Centre for Internet & Society
Indian language localization community meets in New Delhi

Image by: opensource.com

Localization is one of the less glamorous aspects of computing. Despite the fact that less than 6% of the world speaks English, a majority of projects don't feel inclined to accommodate the rest of the population. One of the primary reasons for sticking to English is the steep learning curve and the lack of standardization in various aspects of the localization process.

Indian language localization community meets in New Delhi

Image by: opensource.com

The post by Mayank Sharma was published by Opensource.com on October 3, 2016. Dr. U.B. Pavanaja was quoted.

The FUEL Project organized the GILT conference in New Delhi, India September 24-25 to highlight and address these issues. The annual event showcases the efforts of language technology organizations and volunteer communities, but this year's also gave a platform for non-technical users to voice their concerns. The Indic computing developers were joined by academics, reporters, language researchers, publishers, and entrepreneurs who rely on localization tools to connect and interact with audiences in the various regional languages in India. The brainstorming between the two groups, both on and off the stage, was one of the highlights of the conference.

Mozilla ran a two-day hackathon alongside the conference that was attended by teams from India, Nepal and Germany. Photo by Rajesh Ranjan. All Rights Reserved.

Focus on standardization

Another recurring theme discussed in detail at the conference was the need for standardization. The FUEL Project spearheads standardization efforts with its terminology management system to preserve consistency across translations.
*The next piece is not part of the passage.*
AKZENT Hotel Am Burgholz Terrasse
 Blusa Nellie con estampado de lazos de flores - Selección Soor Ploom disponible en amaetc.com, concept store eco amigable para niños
The project also created translation style guides for various languages, including Spanish, German, French, Scottish Gaelic, and several Indian languages. In addition to these guides, the project is also working on a couple of tools to help maintain the accuracy of the translations. One that caught the attention of the translators at the conference is the Unicode Text Rendering Reference System (UTRRS). It's a web app that lets you enter a character, word, or phrase and then compares it to a reference image generated by a text rendering engine.

The current state of localization

The conference began with an inaugural address by the keynote speakers. Rajesh Ranjan, who heads the FUEL Project and is currently the open source community manager at the Indian Government's National eGovernance Division (NeGD), kicked things off by talking about the evolution of the 8-year-old project. There was also an enlightening address by Jeff Beatty, who heads localization efforts at Mozilla. He talked about the role of his alma mater, the University of Limerick, in the initiation and growth of multilingual computing. Later, Vinay Thakur, director of project development at NeGD, discussed the Indian Government's increased interest in localization and listed the various initiatives currently underway.

This was also reiterated by Mahesh Kulkarni, assistant director at CDAC's GIST research labs. He talked about the scale of the government's plan for making all its official websites available in all the officially recognized 22 Indian languages.

Addressing problems

Kulkarni also chaired a panel discussion later in the day. The panel members talked about the issues plaguing the localization community and what it would take to solve them. Sudhanwa Jogalekar, a well-respected contributor to Indic computing, suggested that translators should get ISO certified as a first step toward standardization. Jogalekar pointed to the ISO 7001:2015 standard, which certifies conformity in translation services. Another panel member, Prabhat Ranjan, executive director of the technology think tank TIFAC, talked about the stress on translation in the Vision 2035 document recently released by the Indian Prime Minister Narendra Modi. Ranjan's team found English to Hindi translation easier when documents are first translated into another Indian language. Based on this experience, Ranjan bounced the idea of agreeing on a meta language to ease the translation process.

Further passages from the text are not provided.